# Large Deposit Amount - Advice Needed



## Hug It Out (13 Sep 2008)

Hi,

We're selling our house and intend to rent for a while. We have built up a fair bit of equity and need some help in deciding how to secure this equity, while at the same time earning a decent return. 

At the minute, I intend going to ACC, Northern Rock and maybe An Post, splitting the equity in three (so three deposits of excess 100k each). Are these three relatively secure.

To help pay the rent for next 18 months, I really just want access to the interest to help pay the rent. So, any advice on my choice of financial institution and the most appropriate products within these or others which meet our needs would be greatly appreciated

Thanks


----------



## GeneralZod (13 Sep 2008)

Irish Nationwide Building Society and Anglo-Irish Bank have both just introduced 1 year rates of 6%. See Best Buys post here. PTSB are now in the bronze position with 5.89% AER on 20 month term. The majority of the cash could be spread between these and possibly NR if you want near absolute security. Northern Rock 1 year bond has the UK government state guarantee on 100% of the funds but the rate is only 5.2%. The money is locked up in these products for the term but you're maximising the interest paid.

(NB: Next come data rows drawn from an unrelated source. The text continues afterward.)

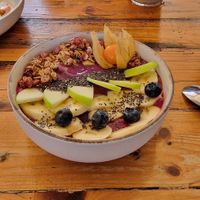  at Meraki Market Cafe in Paphos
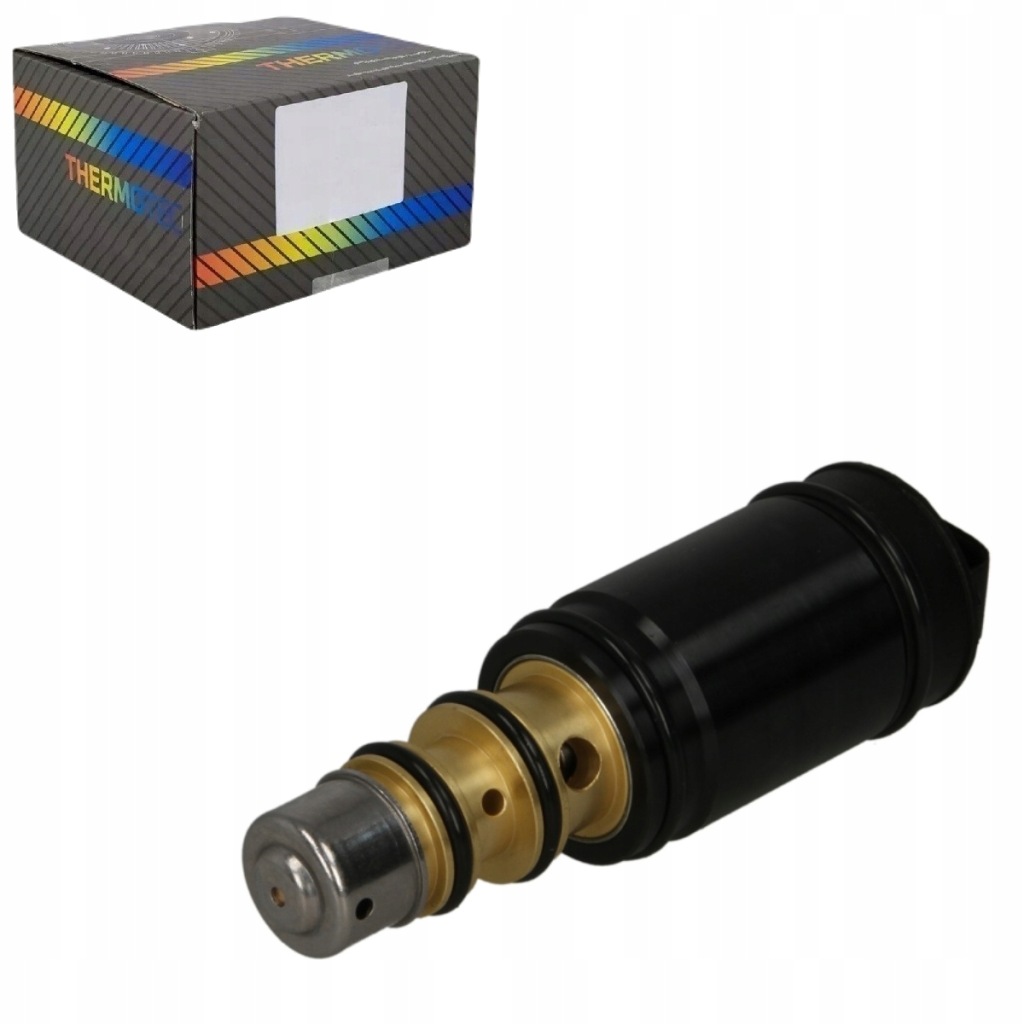 фото №1, Клапан компресор mercedes kl. r w251 s w140 w221 c215 v 638/2 sl slk viano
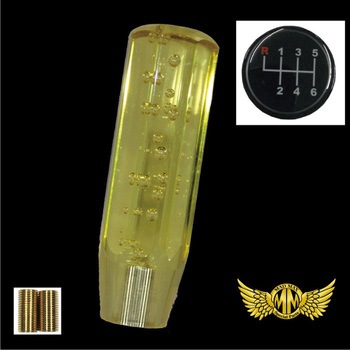 MM75-3803-YE NX^ Vtgmu A UD rbNT UD t@CRhp MAD MAX(}bh}bNX) CG[F a12~1.25mm  MM75-3803-YE 45866976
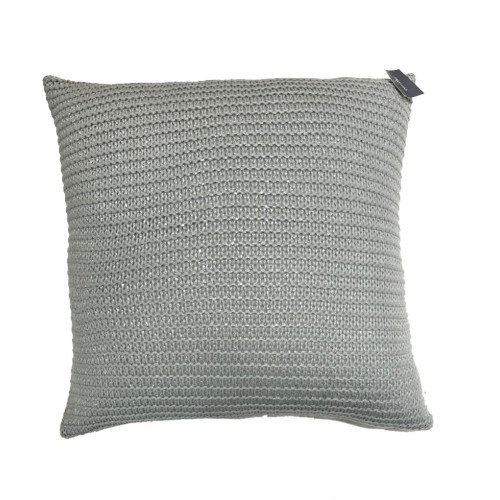 COUSSIN MUSSY PERLE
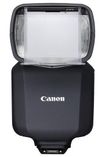 cumpără Bliț Canon EL-5 (5654C002) în Chișinău 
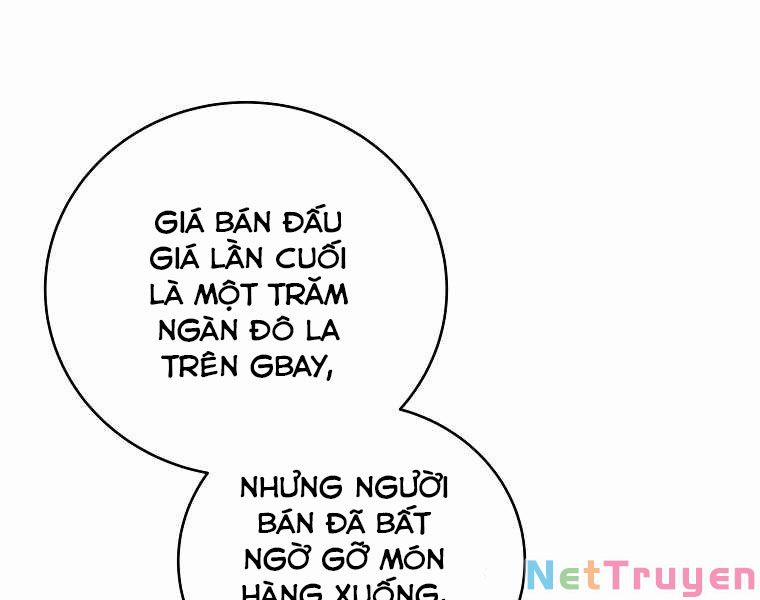 Streamer Pháp Sư 22 trang 15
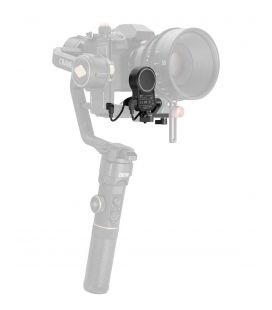 ZHIYUN MOTEUR DE CONTRÔLE DE FOCUS ET ZOOM TRANSMOUNT 2.0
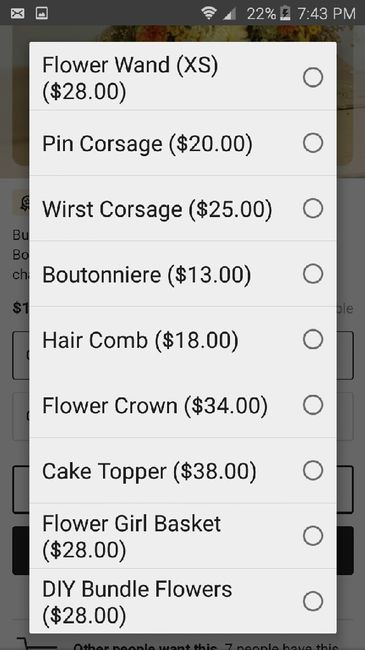 Fall flower help - 2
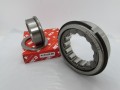 Фото4 Cylindrical roller bearing NUP 2208 NR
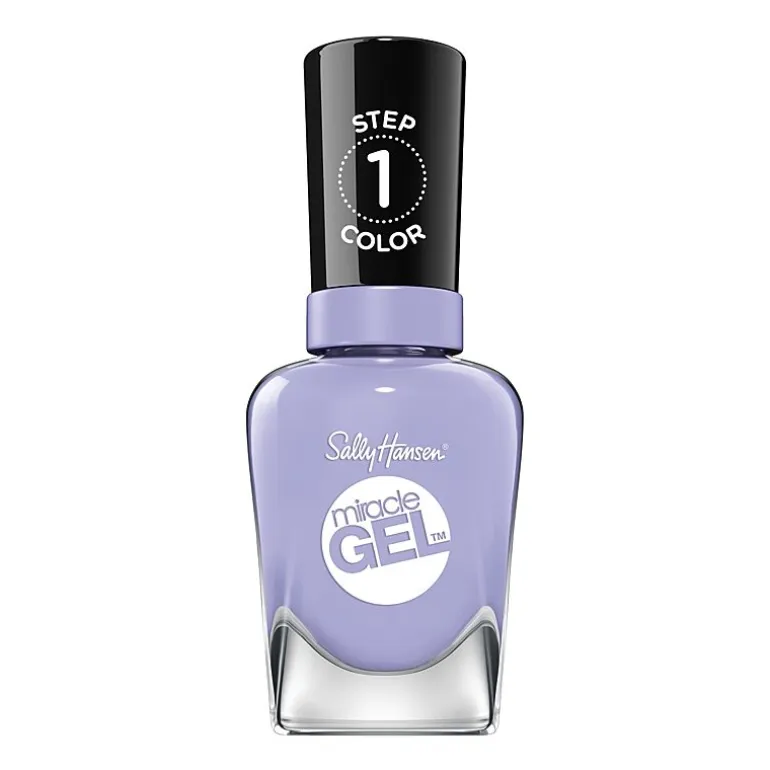 Sally Hansen Miracle Gel Nail Polish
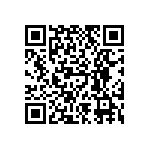 SESUB-PAN-D14580 QRCode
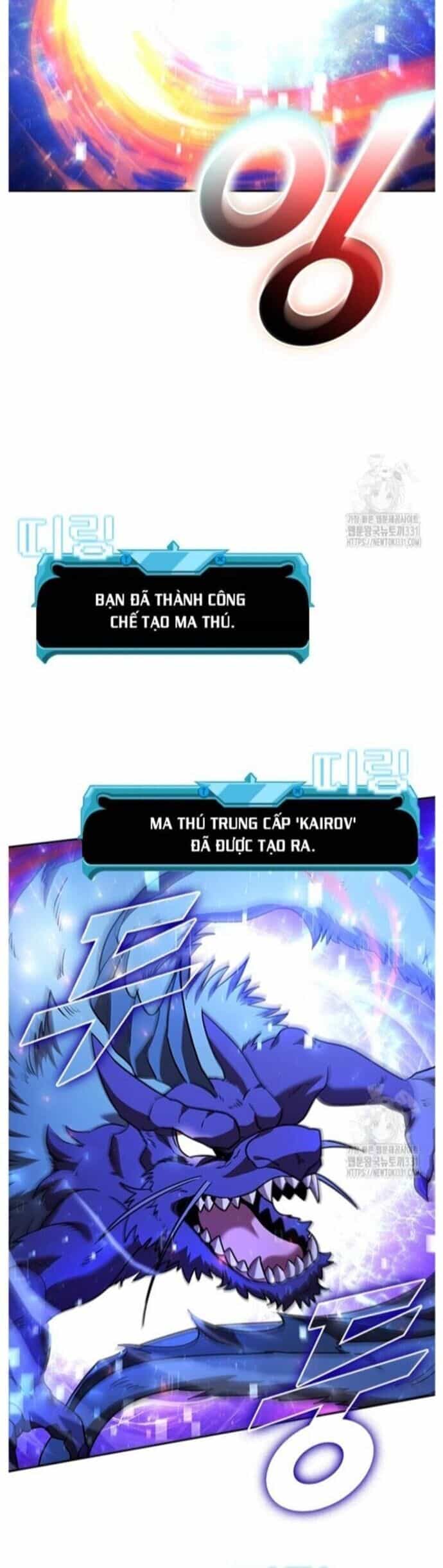 Bậc Thầy Thuần Hóa - Chương 137 - ảnh 34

The rent money would need to be set aside at the start and put into a demand account. The Anglo-Irish demand account is 5.3% but their max is only €20k. First Active on-line demand is 5.22% (max €15) and AIB 7-day notice on-line is 5.25% (€10k max). NR is 5.0%.


----------



## iggy (13 Sep 2008)

For security and peace of mind I would stick the lot into Northern Rock. The interest rate of 5% on demand is good too....at least you can sleep easy knowing H.M. government is guaranteeing your cash.


----------



## Lightning (14 Sep 2008)

Why spilt the money 3 ways? As the previous poster has said you are better just putting the lot into a Northern Rock account with on demand access.



Hug It Out said:


> To help pay the rent for next 18 months, I really just want access to the interest to help pay the rent. So, any advice on my choice of financial institution and the most appropriate products within these or others which meet our needs would be greatly appreciated



If you need the interest monthly then Northern Rock offer the option to credit bank interest monthly to your account and to automatically transfer that bank interest to another account. (Monthly bank interest reduces the interest rate on offer).


----------



## Hug It Out (14 Sep 2008)

I just wanted to spread the risk to ensure if anything dodgy happened, I wouldn't lose my capital. I thought by spreading the principle over three institutions, I'd  lower the risk of losing my money to virtually nil. 

I know Northern Rock is 100% secure now and excepting armageddon, the capital is secure. I suppose my reluctance in putting all of my eggs in one basket stems back to negative word association from a year ago. A bit irrational, I know, but that's what they face after the run.

Anyway, you're probably right, all in Northern Rock makes the most sense and is pretty rock solid.

Wouldn't consider PTSB, Anglo, BOI or AIB. I think it's entirely possible that their could be a run on any of the above. I'm not willing to risk a cent of the principle for a juicy rate. Juicy rates just reflect the fact that they can't get funds cheaper on the open market because the market reckons they're risky.

So security is No.1, rate is No.2


----------



## Macattack (19 Sep 2008)

> Wouldn't consider PTSB, Anglo, BOI or AIB. I think it's entirely possible that their could be a run on any of the above. I'm not willing to risk a cent of the principle for a juicy rate. Juicy rates just reflect the fact that they can't get funds cheaper on the open market because the market reckons they're risky.
> 
> So security is No.1, rate is No.2


 

Have you stopped to think that 2 of the banks you have mentioned have ALWAYS had high rates...?


----------



## Hug It Out (20 Sep 2008)

Granted, they may just be more efficiently run, have lower overheads and hence are able to offer higher rates.

All moot anyway. Good decision to increase the deposit guarantee today to 100k. Now I can deposit in Ireland, chase best rate and be confident that my principle is secure - exactly what i wanted to do in the first place, but was too jumpy to consider.

Thanks for all responses


----------